Franzosi_02Un titolo di “Birraio dell’anno” già in bacheca (2012), un grande amore per i propri prodotti, un’attenzione altrettanto alta verso il territorio circostante e la serenità di chi sta facendo bene un lavoro appassionante. Abbiamo incontrato Ricccardo Franzosi al termine di una serata organizzata – per e con lui – al Barbaresco di Legnano, durante la quale sono state stappate quattro “Montegioco” in abbinamento (riuscito) con i piatti proposti dallo chef del locale. E non potevamo perdere l’occasione di fare quattro chiacchiere con lui, per conoscerlo (e farvelo conoscere) meglio.

Riccardo, la prima cosa che balza all’occhio parlando di Montegioco è il forte legame con il territorio.

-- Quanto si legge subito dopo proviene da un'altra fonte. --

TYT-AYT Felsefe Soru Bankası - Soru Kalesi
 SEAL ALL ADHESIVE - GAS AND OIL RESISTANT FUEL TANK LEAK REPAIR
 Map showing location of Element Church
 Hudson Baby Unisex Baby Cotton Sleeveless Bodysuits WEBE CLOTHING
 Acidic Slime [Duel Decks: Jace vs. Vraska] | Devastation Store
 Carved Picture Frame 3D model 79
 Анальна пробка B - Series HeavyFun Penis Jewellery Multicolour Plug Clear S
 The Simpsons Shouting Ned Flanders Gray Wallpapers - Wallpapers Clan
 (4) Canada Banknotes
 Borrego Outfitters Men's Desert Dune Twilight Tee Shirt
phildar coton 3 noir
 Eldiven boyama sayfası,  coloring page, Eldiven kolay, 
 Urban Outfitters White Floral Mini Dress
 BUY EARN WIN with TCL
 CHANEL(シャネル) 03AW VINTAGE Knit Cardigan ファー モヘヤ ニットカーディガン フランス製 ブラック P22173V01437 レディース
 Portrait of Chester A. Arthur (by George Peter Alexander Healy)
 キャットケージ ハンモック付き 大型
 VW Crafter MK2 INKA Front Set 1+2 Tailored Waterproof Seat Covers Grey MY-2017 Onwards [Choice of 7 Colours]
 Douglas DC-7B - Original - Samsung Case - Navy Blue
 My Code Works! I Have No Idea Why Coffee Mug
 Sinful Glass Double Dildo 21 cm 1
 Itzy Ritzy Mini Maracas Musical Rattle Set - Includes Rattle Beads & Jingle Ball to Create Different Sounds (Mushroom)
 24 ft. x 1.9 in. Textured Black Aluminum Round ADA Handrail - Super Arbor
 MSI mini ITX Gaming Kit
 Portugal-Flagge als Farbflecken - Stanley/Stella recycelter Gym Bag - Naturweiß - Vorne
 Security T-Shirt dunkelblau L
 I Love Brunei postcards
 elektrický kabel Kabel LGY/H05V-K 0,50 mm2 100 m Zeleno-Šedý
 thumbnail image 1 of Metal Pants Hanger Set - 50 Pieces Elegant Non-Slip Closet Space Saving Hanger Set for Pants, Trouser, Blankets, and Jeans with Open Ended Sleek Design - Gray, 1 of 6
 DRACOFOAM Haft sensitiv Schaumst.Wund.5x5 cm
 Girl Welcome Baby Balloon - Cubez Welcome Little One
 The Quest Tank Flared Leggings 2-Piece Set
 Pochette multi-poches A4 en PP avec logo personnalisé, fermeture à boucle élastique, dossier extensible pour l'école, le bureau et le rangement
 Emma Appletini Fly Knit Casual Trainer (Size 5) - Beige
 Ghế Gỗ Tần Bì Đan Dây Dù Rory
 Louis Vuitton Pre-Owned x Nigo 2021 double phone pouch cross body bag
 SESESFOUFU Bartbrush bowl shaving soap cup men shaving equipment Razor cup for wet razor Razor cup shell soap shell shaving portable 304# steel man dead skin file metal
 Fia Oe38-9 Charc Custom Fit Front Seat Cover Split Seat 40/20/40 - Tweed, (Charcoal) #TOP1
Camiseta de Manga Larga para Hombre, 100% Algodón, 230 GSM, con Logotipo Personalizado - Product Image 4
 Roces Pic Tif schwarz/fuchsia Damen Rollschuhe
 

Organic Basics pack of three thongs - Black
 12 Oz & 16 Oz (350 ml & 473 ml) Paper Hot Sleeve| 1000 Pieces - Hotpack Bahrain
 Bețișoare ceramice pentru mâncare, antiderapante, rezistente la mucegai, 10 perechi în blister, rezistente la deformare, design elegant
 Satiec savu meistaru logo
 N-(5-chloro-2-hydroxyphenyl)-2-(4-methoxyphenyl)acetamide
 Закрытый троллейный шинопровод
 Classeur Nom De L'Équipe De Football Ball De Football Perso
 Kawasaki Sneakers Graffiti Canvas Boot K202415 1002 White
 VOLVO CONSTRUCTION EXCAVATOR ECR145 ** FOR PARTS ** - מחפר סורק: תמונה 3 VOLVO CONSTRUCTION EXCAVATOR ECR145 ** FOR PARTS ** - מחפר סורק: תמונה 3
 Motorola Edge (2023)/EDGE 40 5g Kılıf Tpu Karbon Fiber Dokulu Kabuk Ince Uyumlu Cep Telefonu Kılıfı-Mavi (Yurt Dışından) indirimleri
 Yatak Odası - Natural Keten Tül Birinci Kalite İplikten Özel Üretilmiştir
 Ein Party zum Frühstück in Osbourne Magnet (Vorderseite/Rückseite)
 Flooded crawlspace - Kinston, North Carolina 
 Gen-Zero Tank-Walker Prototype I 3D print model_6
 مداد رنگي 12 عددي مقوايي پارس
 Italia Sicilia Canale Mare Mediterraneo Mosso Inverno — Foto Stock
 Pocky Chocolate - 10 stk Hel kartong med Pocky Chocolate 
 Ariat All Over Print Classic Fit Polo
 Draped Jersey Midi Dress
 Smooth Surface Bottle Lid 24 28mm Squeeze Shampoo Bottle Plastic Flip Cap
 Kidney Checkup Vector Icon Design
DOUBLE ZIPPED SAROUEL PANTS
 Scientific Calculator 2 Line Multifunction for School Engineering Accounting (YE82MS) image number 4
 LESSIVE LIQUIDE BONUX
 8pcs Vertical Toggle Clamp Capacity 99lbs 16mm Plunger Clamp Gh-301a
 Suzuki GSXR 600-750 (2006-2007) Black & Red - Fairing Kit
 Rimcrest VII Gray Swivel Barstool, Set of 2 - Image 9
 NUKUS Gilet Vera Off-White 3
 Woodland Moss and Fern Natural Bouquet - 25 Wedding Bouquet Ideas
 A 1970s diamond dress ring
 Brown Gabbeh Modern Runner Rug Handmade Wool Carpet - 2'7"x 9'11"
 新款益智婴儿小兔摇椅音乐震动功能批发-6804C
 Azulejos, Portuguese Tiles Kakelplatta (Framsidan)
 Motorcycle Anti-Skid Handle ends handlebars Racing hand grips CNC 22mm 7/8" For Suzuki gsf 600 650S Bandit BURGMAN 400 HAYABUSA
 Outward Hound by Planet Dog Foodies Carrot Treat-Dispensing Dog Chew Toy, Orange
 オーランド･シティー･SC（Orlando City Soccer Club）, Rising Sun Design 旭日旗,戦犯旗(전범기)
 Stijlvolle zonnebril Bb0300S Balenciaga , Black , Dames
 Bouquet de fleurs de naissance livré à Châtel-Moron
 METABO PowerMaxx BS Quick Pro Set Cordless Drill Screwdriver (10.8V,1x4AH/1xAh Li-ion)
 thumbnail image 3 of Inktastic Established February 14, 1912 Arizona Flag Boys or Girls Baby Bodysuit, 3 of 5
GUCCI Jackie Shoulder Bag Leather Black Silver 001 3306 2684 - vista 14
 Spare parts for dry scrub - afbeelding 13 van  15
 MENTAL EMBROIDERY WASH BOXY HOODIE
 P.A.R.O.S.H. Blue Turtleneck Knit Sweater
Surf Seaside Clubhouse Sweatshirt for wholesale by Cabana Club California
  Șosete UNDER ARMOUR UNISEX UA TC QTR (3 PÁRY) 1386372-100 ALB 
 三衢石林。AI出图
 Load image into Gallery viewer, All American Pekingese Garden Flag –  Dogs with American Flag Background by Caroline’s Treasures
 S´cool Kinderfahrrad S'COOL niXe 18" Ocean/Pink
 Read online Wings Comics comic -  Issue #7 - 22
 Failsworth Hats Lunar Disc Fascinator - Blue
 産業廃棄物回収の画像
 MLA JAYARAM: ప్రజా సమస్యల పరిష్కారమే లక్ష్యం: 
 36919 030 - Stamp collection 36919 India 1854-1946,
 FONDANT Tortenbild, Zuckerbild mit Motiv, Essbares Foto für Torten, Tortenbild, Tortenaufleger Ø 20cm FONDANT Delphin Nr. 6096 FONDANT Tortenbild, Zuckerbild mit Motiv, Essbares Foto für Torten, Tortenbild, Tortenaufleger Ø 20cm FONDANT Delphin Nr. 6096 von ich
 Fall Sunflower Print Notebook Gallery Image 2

«Occuparmi della mia zona di origine e dei suoi frutti è per me una scelta naturale, scontata: non è un calcolo su possibili ritorni di immagine. Sono fortunato, perché il territorio che circonda Montegioco (provincia di Alessandria, non lontano da Tortona ndr) fornisce tante cose buone; nelle mie bottiglie trovate frutta, spezie, erbe: è un po’ la conseguenza di vivere lì. E la birra ci dà la libertà di utilizzare tutte queste specialità nel corso della produzione, una cosa che per esempio con il vino, che ha disciplinari molto rigidi, non è possibile».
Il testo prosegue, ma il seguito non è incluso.